Case 1: $\exists x\forall y\;.\; P(x,y)$
Case 2: $\forall x\exists y\;.\; P(x,y)$
I have tried to write them and convince myself of an answer:
Case 1: There exists an $x$ for every $y$ such that $P(x,y)$ holds.
Case 2: For every $x$, there is a $y$ such that $P(x,y)$ holds.
As I currently interpret it, these both mean the same. Could someone indicate whether I have thought about this correctly? I know that if I had taken case 2 to be $$\forall y\exists x\;.\; P(x,y)$$then the meaning changes. What if it is only the quantifiers that are swapped, and variables remain in the same place? All help appreciated.
Case 1 means that a single $x$ exists that makes $P(x,y)$ true for all $y$. This $x$ is the same for all $y$: this information is found in the order of the quantifiers, where we wrote $\exists x$ such that $\forall y$.

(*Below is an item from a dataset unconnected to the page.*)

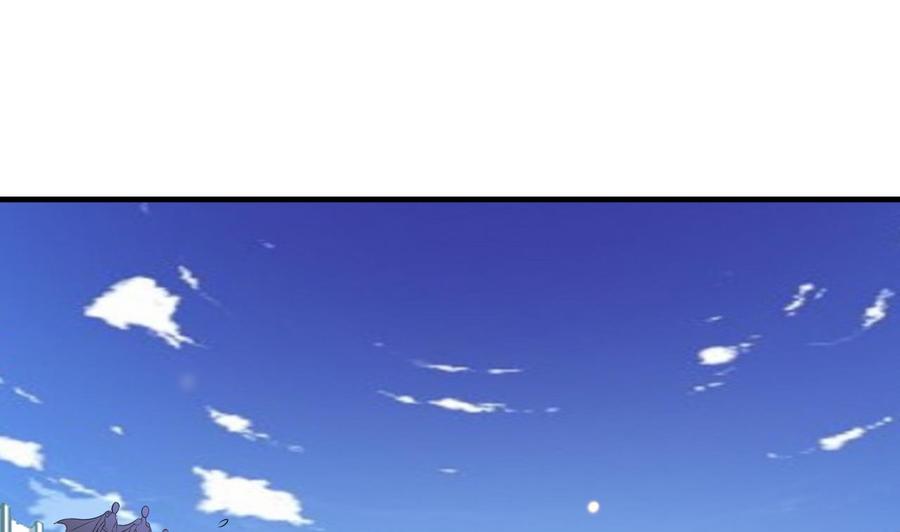 第77话 危机(1/2)-第78话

Case 2 means that given any $x$, we can find a $y = y(x)$ such that $P(x,y)$ is true. The choice of $y$ depends on the $x$ we started out with, this information is given by the quantifiers written in the order $\forall x$ $\exists y$.

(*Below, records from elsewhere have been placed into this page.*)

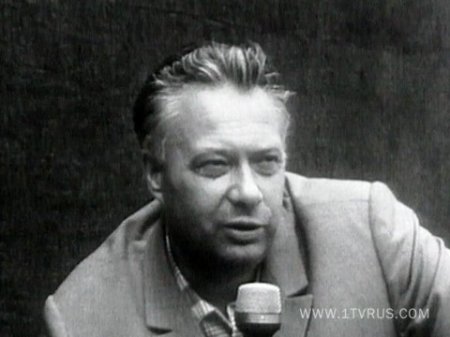 Ozerov.jpg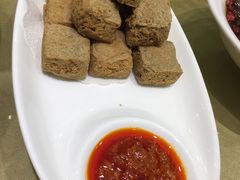 -金时代顺风大酒店(协泰店)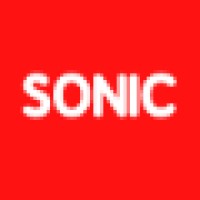 Sonic Digital logo, Sonic Digital contact details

A concrete example might help, let's look at the definition of a converging sequence: $(a_n)_{n \in \mathbb{N}}$ converges to $L$ iff $\forall \varepsilon >0$, $\exists n_0 \in \mathbb{N}$ such that $\forall n\geq n_0$, $|a_n - L| < \varepsilon$. The order of the quantifiers matters, here the $n_0$ depends on the choice of $\varepsilon$. This makes sense, if I make the distance between $a_n$ and $L$ very small ($\varepsilon$), then the term of the sequence $n_0$ starting from which all elements of the sequence are within a distance $\varepsilon$ of the limit $L$ will increase. Swapping the order of $\exists n_0$ and $\forall \varepsilon$ wouldn't make sense anymore.
(edit: fixed a typo, thanks Andreas)